Good areas of investment: 
1. Discovery Gardens ( do not listen to people who tell you otherwise, one of the best areas, community feel, and if you can get a good unit, you will be set)
2. DSO
3. Dubai Marina
4. JLT

You could call this guy I work with, ( I used to do some investments around Dubai and Abu Dahbi), and he can guide you if you guys need more info

/snip/
Tell him, John from Barclay's referred you.

Wish you guys luck!


----------



## QOFE (Apr 28, 2013)

Please do thorough research before committing yourselves financially. It might not be a good idea to buy a property if you need to borrow money for the deposit and other related expenses.

Discovery Gardens might not be your best bet. Google Discovery+gardens+flooding to check out what issues you might have living there.


----------



## DuabiExpat (Feb 27, 2014)

This is an investment, which would mean long term gains. The reason I had mentioned Discovery Gardens is because of the heavy infrastructure development going on there (eg: the interchange)


----------



## Bbay2Oz (May 10, 2010)

TallyHo said:


> You've only been here for six months.
> 
> There are plenty of us who remember the last property market crash in 2008-2010 when prices dropped by more than half.
> 
> Owning property has definitely worked out for many buyers, but it's also turned into a nightmare for others.


I remember that so clearly, like it was just yesterday. I also remember the recession in '96.

Unfortunately, due to the nature of my job, I knew far more people for whom it turned out to be an absolute nightmare. Many did well though. Banks can be very unforgiving if you lose your job and have a mortgage. So I'd think twice before taking on a huge debt to buy a property in Dubai.

Are you comfortable investing so much in the UAE - your job, all your saving etc? Eggs...basket..comes to mind. I wouldn't, but that's just me. I guess I am too risk averse.

Think carefully and make sure you understand all the risks (laws, your job, buying off the plan, who is the developer, finance, bank, economy....) before plunging into property investment.


----------



## Edino (Sep 22, 2013)

I never got into buying property here. 

There are lots of things that has hold me back from buying property in this country, like market unpredictability, absence of protecting laws, poor build quality (but high prices), and the high service costs which need to be paid to the developer, and this still excludes any maintenance within property boundaries.

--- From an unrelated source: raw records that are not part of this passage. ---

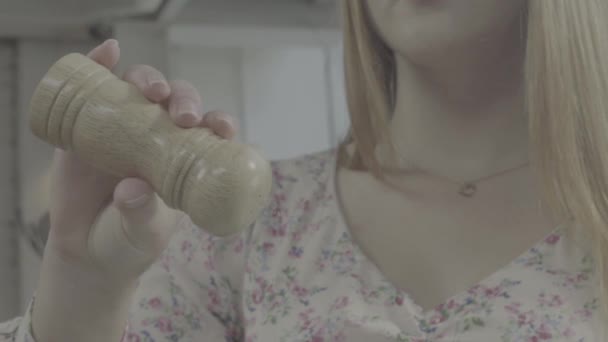 Het toevoegen van zout. Backlight te zout uit zout shaker. Close-up, jonge vrouw augurken eten, langzame motie — Stockvideo
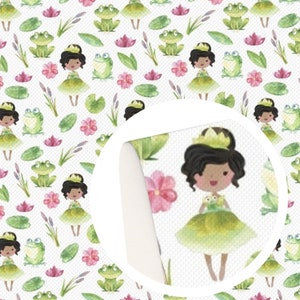 May include: White fabric with a repeating pattern of a cartoon princess, frogs, lily pads, and pink flowers. The princess wears a green dress and a crown. The frogs are green.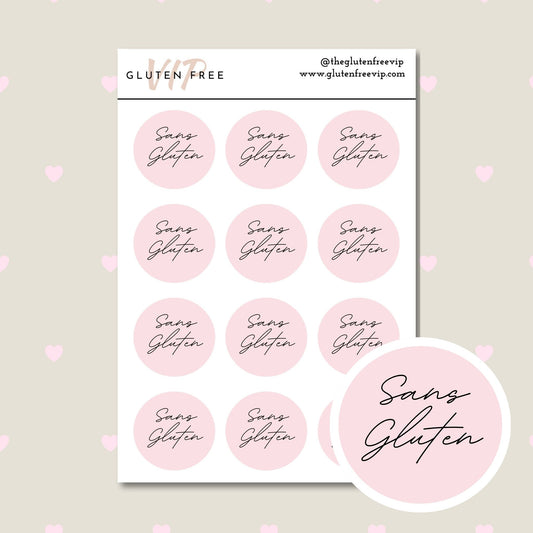 Sheet of pink round “Sans Gluten” labels with script lettering.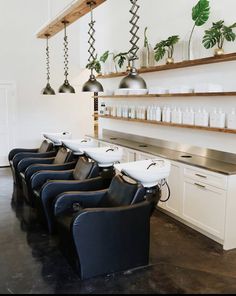 a row of chairs sitting next to each other in front of a counter with lots of bottles on it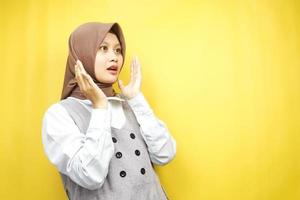 Beautiful young asian muslim woman shocked, disbelieving, surprised, looking at an empty space presenting something isolated on a yellow background photo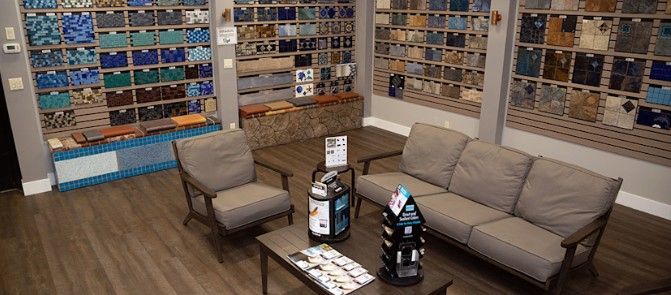 Modern lounge with gray sofas, an armchair, coffee table, and wall-to-wall shelves in a cozy retail space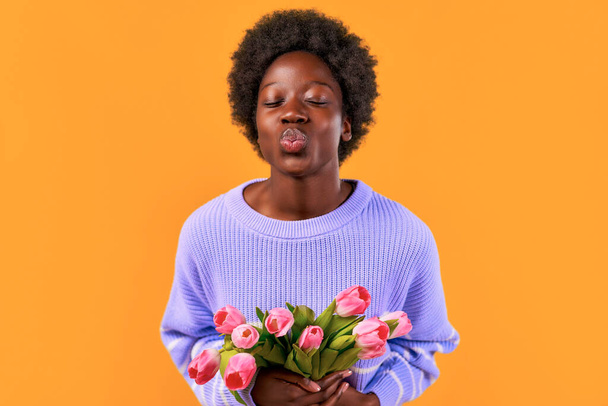 Mujer joven afroamericana con peinado afro de pie en un suéter azul sobre un fondo naranja brillante con un ramo de tulipanes. Día de la Mujer. - Foto, imagen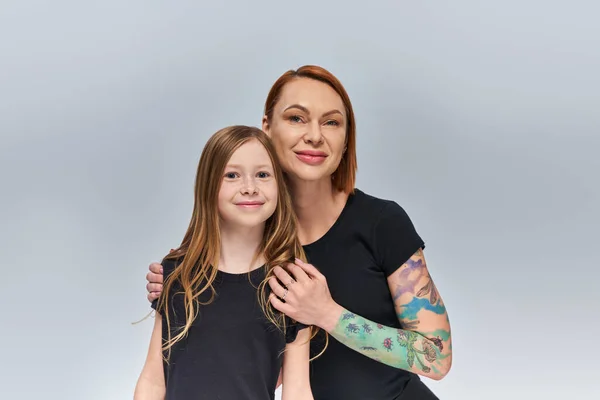Happy woman with tattoo hugging redhead girl and looking at camera on grey backdrop, generations — Stock Photo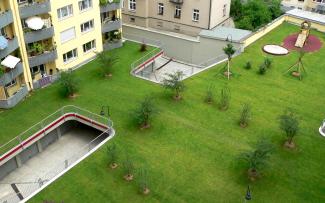 Green recreational spaces have a direct impact on human health in urban settings – green reduces stress and strengthens the immune system. Green roof with lawn on top of an underground garage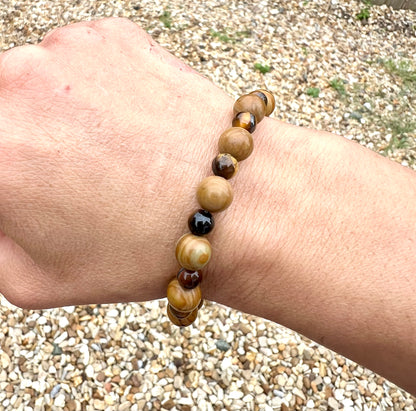 Hand wearing a beaded Wooden Jasper & tiger eye crystals bracelet with a pebbly surface behind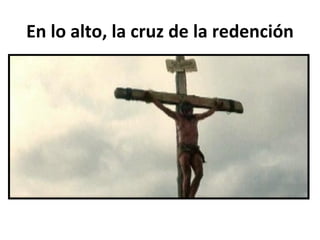 En lo alto, la cruz de la redención 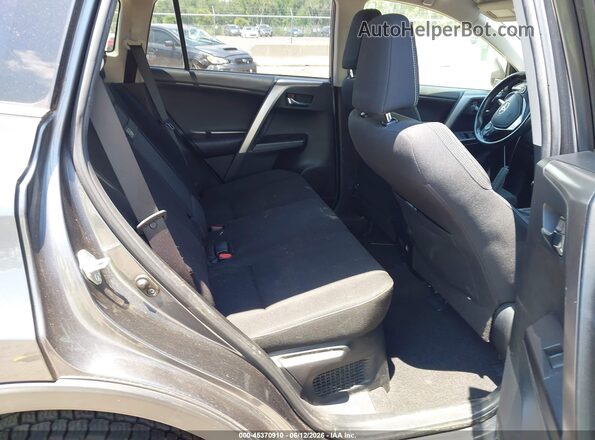 JTMRJREV7GD000514 2016 TOYOTA RAV4 HYBRID Gray Widok naklejki z numerem VIN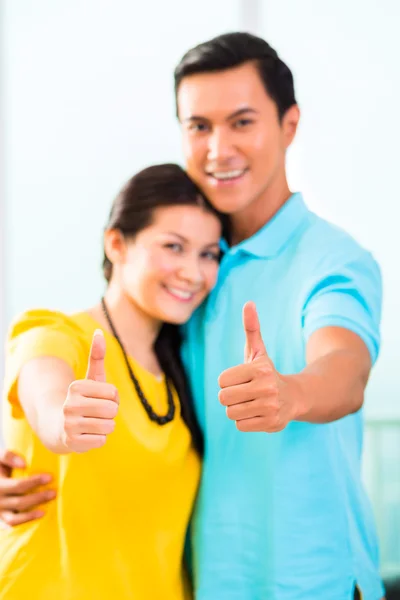 Jovem casal asiático no apartamento com polegares para cima — Fotografia de Stock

This is quiet generalized, but I truly believe there are not to many good deals out there that outweighs the risk of investment here. 

Besides all of this, I am an western expat, so this is my temporally home and my status in this country is solely dependent on having a job; I would not like to have a large asset sitting in this country if I would have to leave within 30 days. 

What many people think as unthinkable, is when the owner passes away while having a mortgage. The laws in place in this country carry no protection at all for the family left in the country to keep the mortgage payments going. At time of dead, all accounts are instantly frozen, and the first bounced cheque will be followed by a criminal case in court. The next of kin will be carrying all liabilities, and may not be able to resolve this for many several years and is basically stuck here as leaving the country is blocked by the authorities. 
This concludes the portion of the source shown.